Work order —
Omitting all images, transcribe the listing word for word.

Entries supplied —
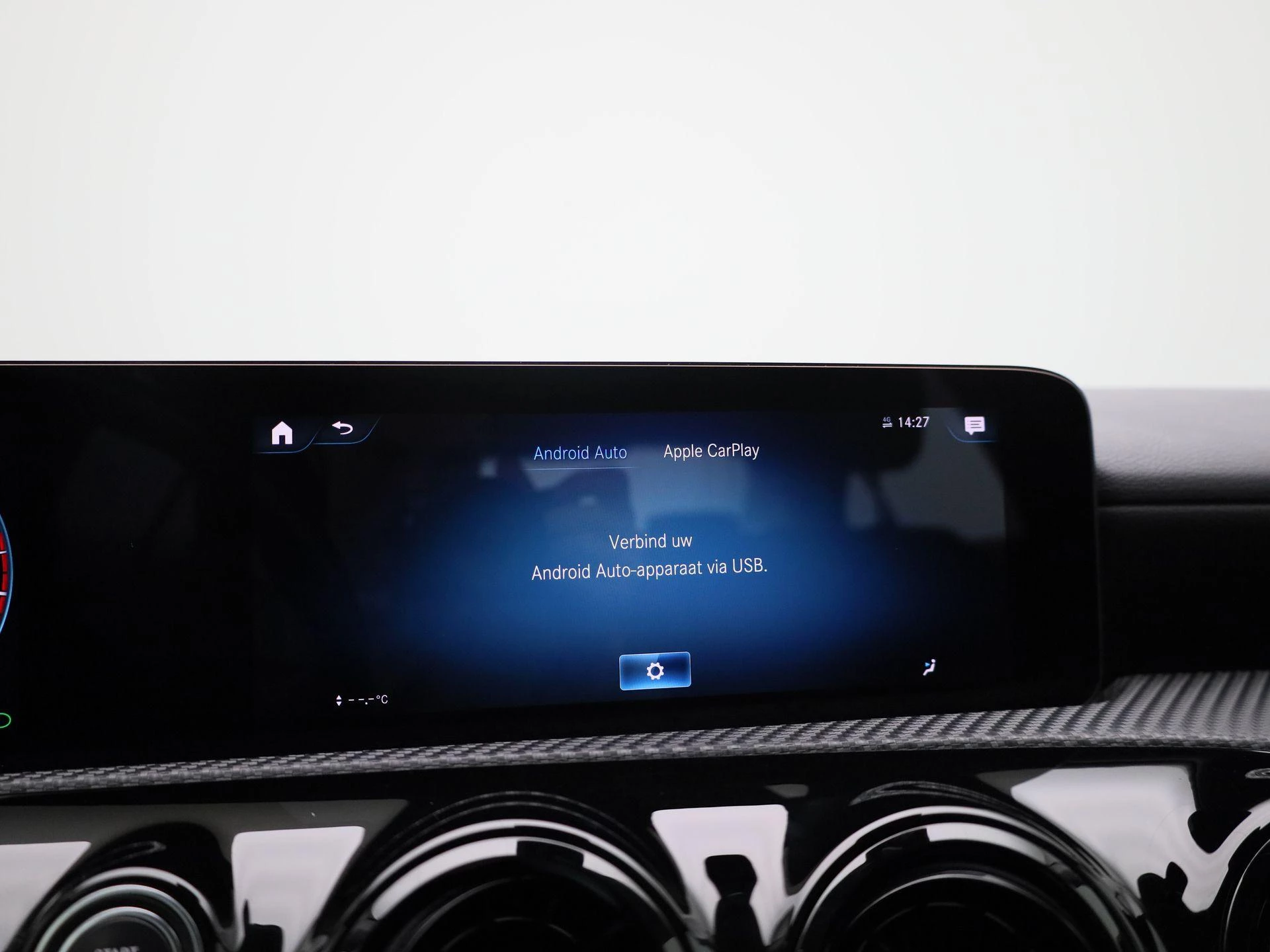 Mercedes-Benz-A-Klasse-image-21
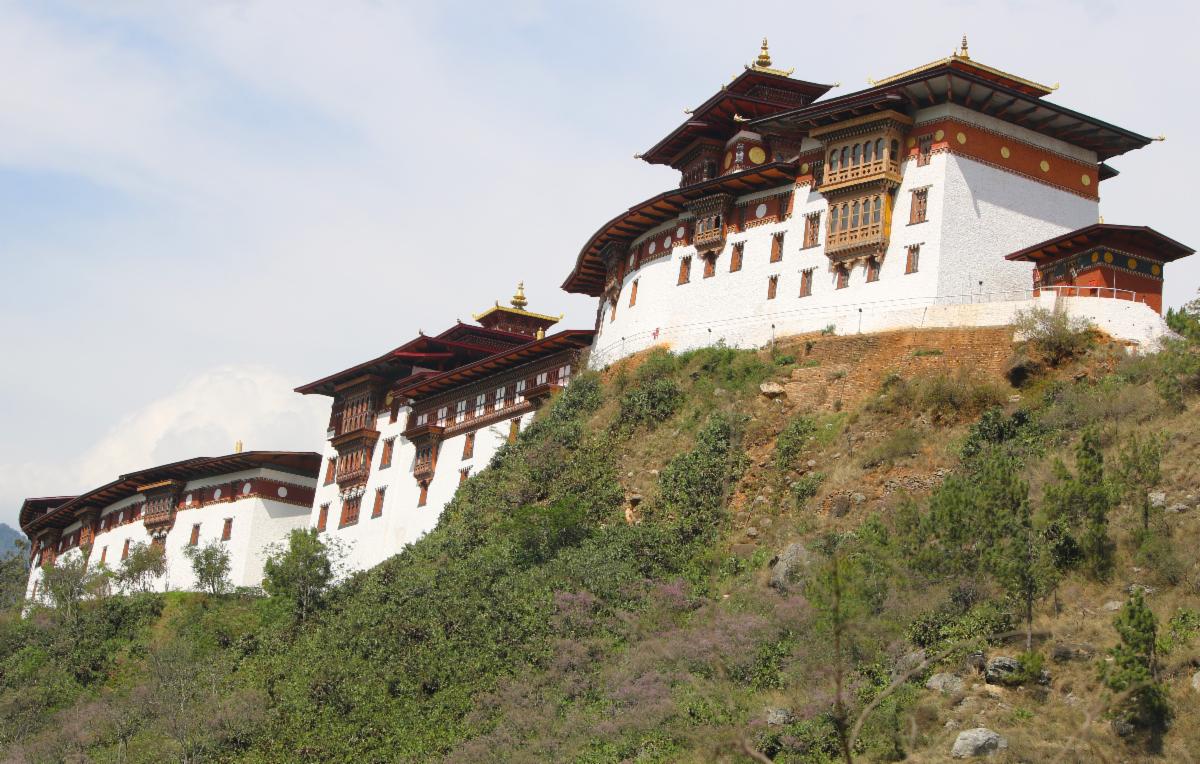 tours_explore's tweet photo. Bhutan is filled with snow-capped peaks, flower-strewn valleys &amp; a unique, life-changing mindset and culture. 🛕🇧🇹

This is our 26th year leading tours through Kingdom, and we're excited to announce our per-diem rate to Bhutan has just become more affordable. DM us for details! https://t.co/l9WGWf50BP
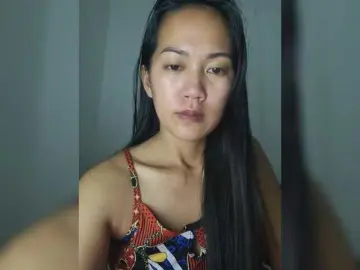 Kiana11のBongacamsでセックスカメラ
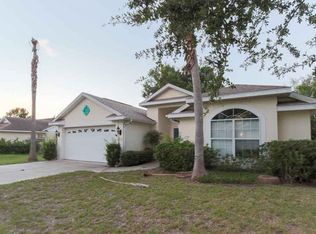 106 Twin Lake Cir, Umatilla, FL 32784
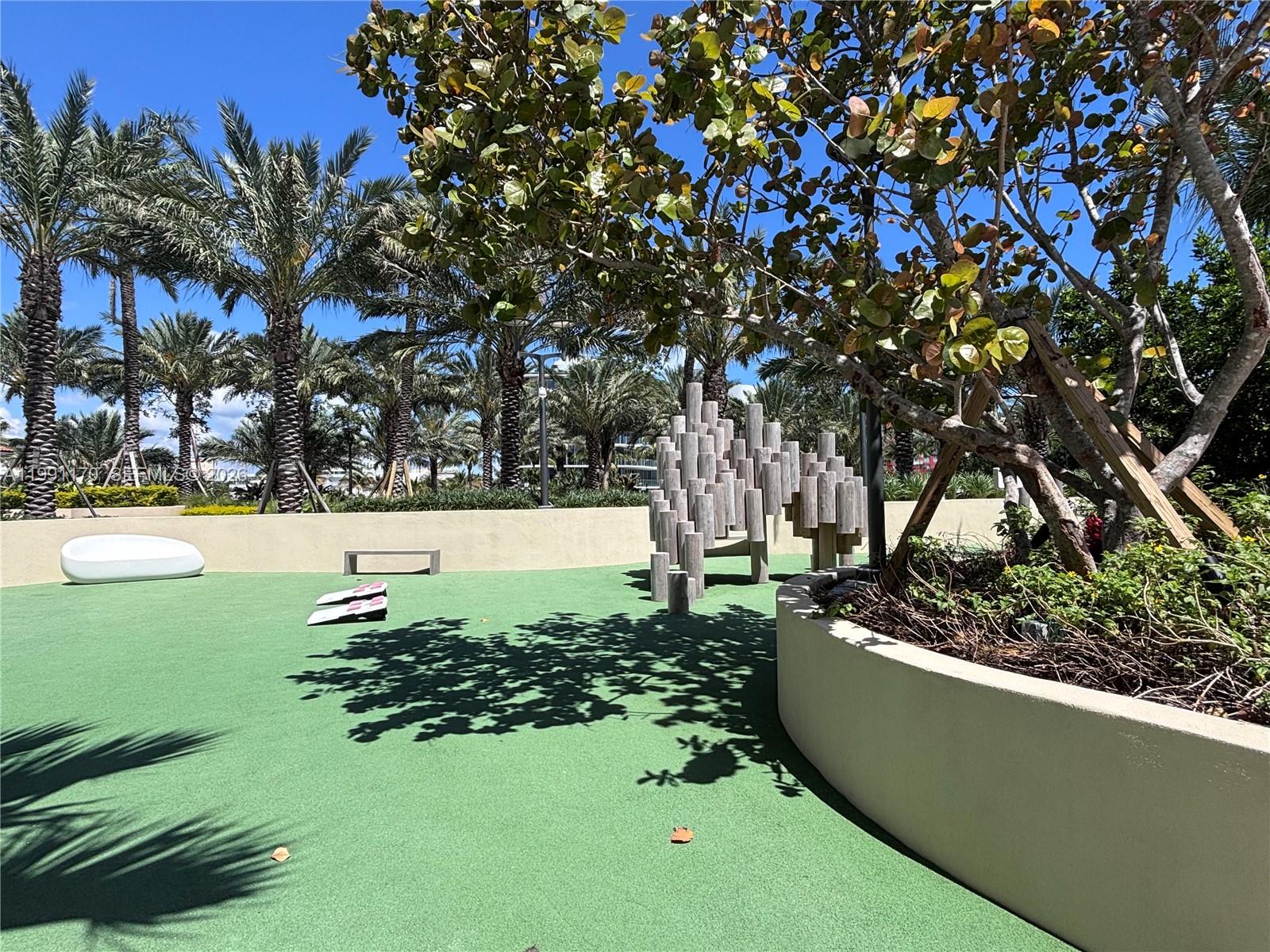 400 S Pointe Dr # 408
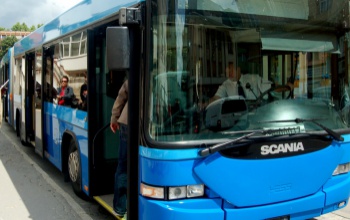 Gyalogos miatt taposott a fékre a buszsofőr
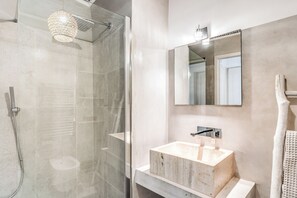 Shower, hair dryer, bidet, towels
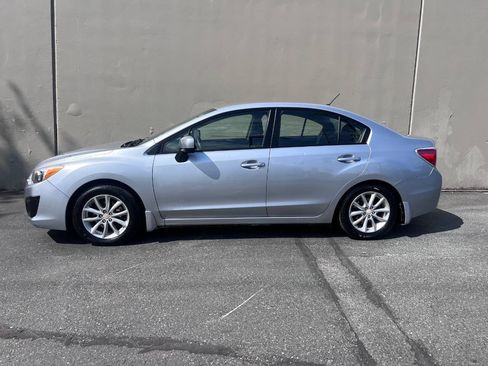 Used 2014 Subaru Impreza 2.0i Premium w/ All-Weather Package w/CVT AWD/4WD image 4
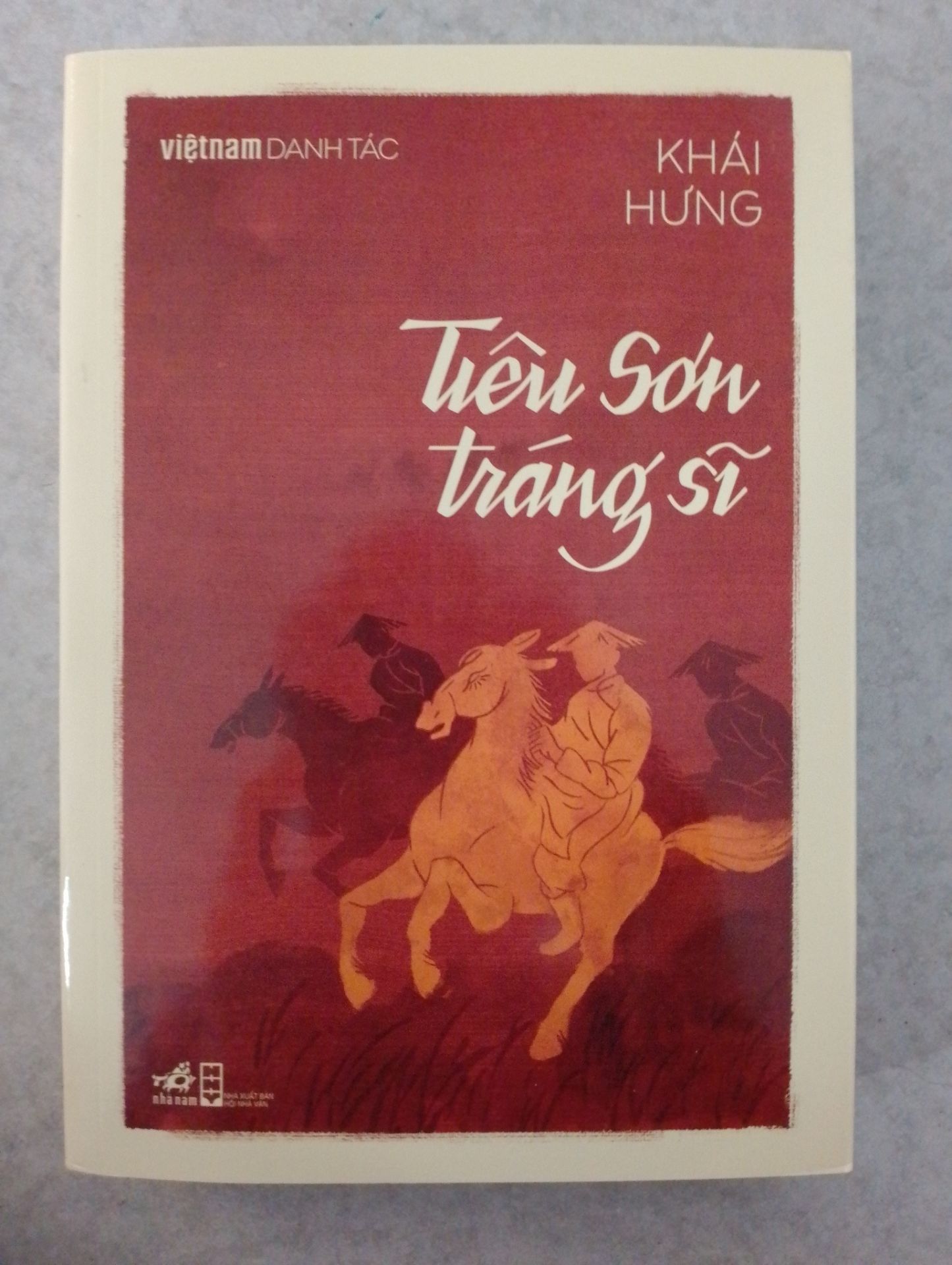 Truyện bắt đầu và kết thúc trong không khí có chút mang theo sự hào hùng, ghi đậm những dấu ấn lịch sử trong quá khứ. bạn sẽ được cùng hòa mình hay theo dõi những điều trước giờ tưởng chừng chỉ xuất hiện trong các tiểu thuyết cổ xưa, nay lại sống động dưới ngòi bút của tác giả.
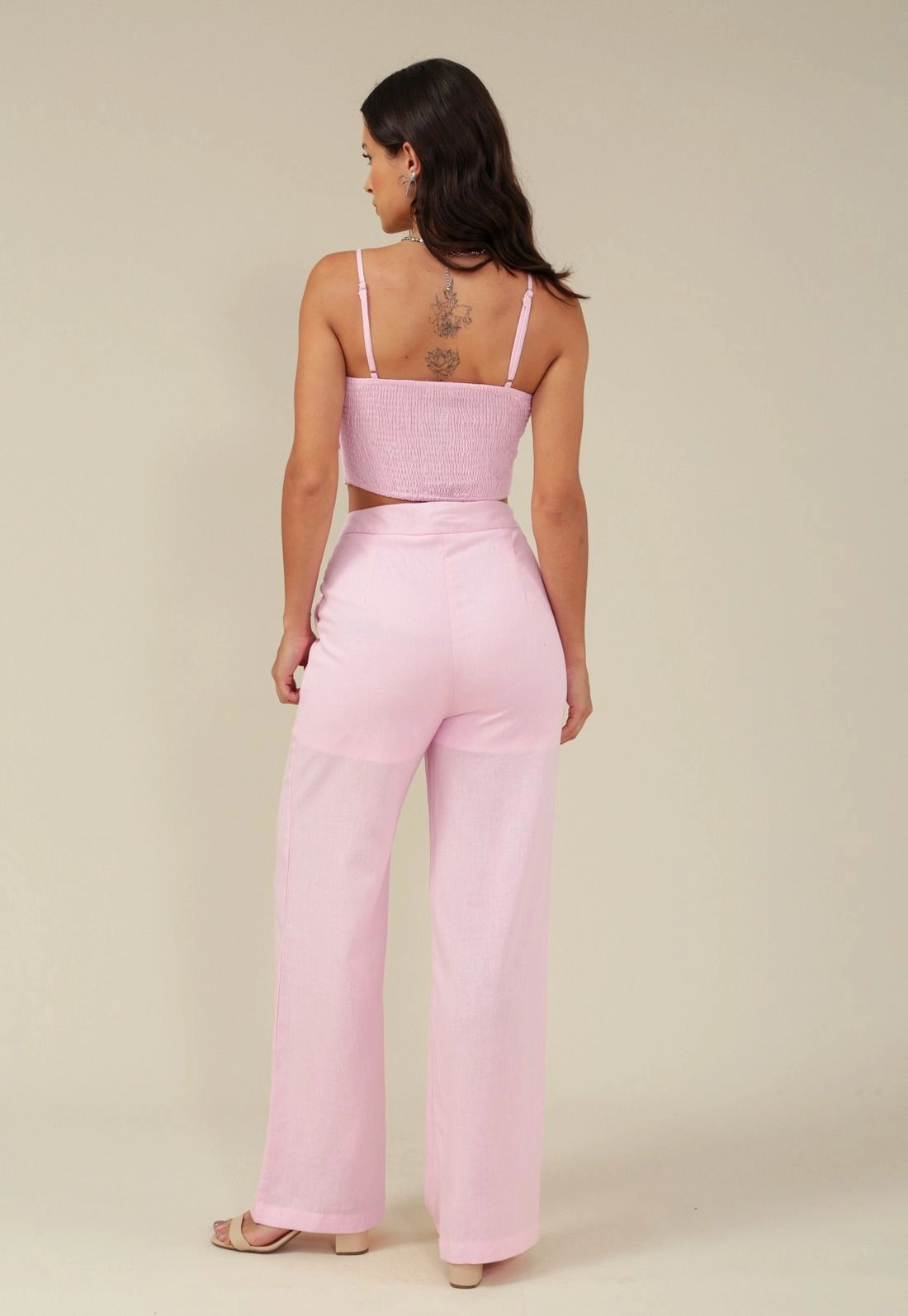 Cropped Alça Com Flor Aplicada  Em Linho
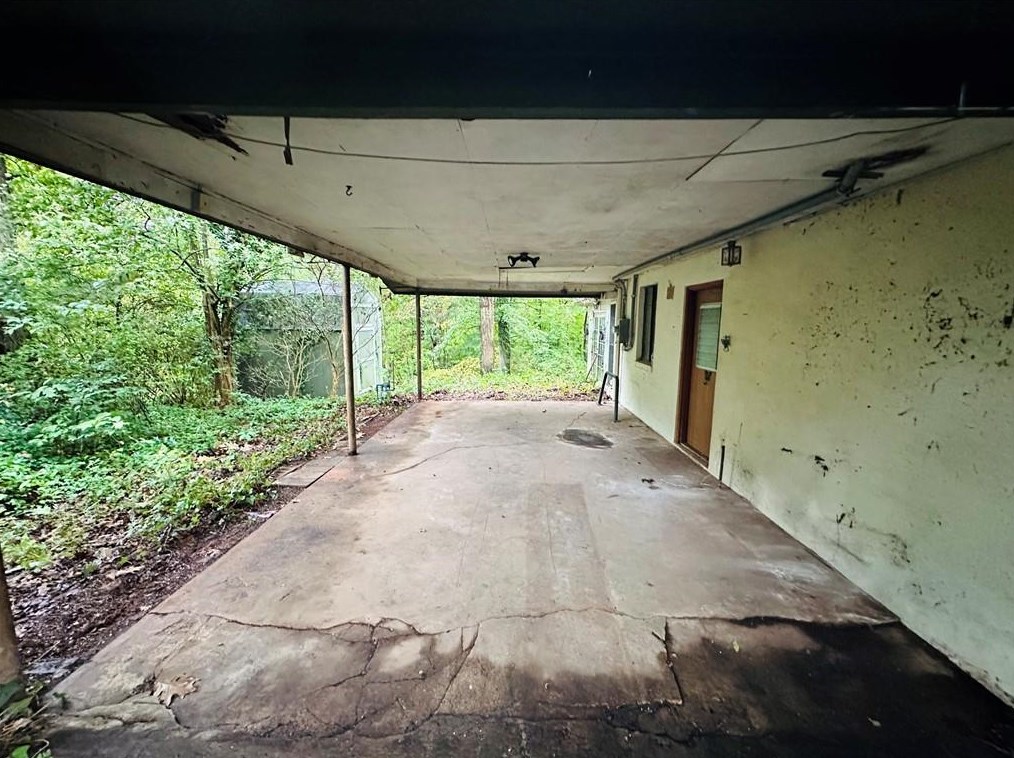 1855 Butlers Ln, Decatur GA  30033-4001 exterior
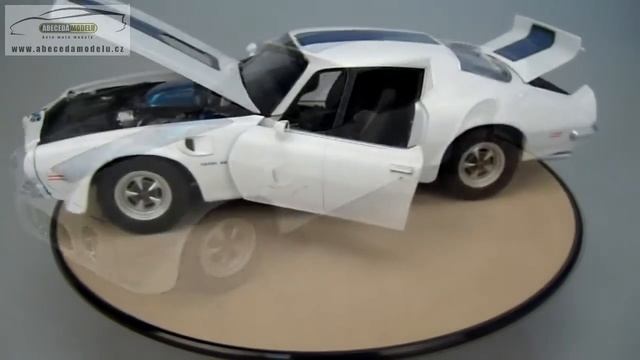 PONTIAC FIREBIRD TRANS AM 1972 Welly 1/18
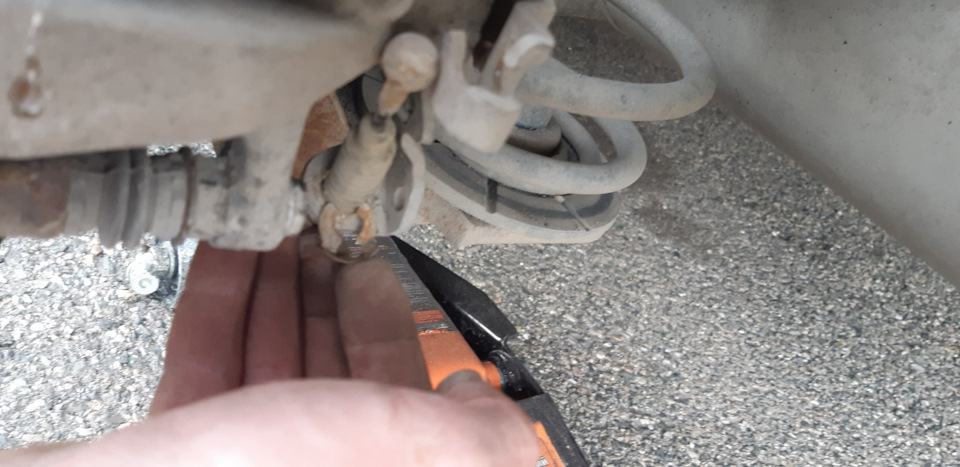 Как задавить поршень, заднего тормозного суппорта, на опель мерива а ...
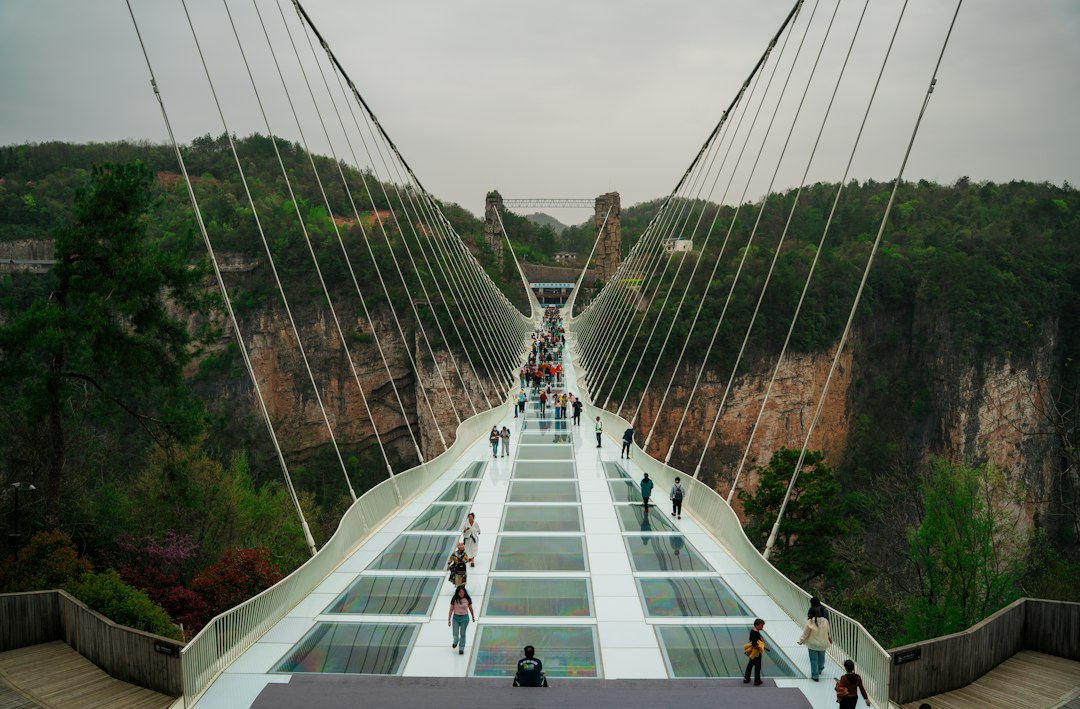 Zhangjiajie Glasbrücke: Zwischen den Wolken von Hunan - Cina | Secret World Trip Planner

Response area —
 Mercedes-Benz-A-Klasse-image-21
 tours_explore's tweet photo. Bhutan is filled with snow-capped peaks, flower-strewn valleys &amp; a unique, life-changing mindset and culture. 🛕🇧🇹

This is our 26th year leading tours through Kingdom, and we're excited to announce our per-diem rate to Bhutan has just become more affordable. DM us for details! https://t.co/l9WGWf50BP
 Kiana11のBongacamsでセックスカメラ
 106 Twin Lake Cir, Umatilla, FL 32784
 400 S Pointe Dr # 408
 Gyalogos miatt taposott a fékre a buszsofőr
 Shower, hair dryer, bidet, towels
 Used 2014 Subaru Impreza 2.0i Premium w/ All-Weather Package w/CVT AWD/4WD image 4
 Truyện bắt đầu và kết thúc trong không khí có chút mang theo sự hào hùng, ghi đậm những dấu ấn lịch sử trong quá khứ. bạn sẽ được cùng hòa mình hay theo dõi những điều trước giờ tưởng chừng chỉ xuất hiện trong các tiểu thuyết cổ xưa, nay lại sống động dưới ngòi bút của tác giả.
 Cropped Alça Com Flor Aplicada  Em Linho
 1855 Butlers Ln, Decatur GA  30033-4001 exterior
 PONTIAC FIREBIRD TRANS AM 1972 Welly 1/18
 Как задавить поршень, заднего тормозного суппорта, на опель мерива а ...
 Zhangjiajie Glasbrücke: Zwischen den Wolken von Hunan - Cina | Secret World Trip Planner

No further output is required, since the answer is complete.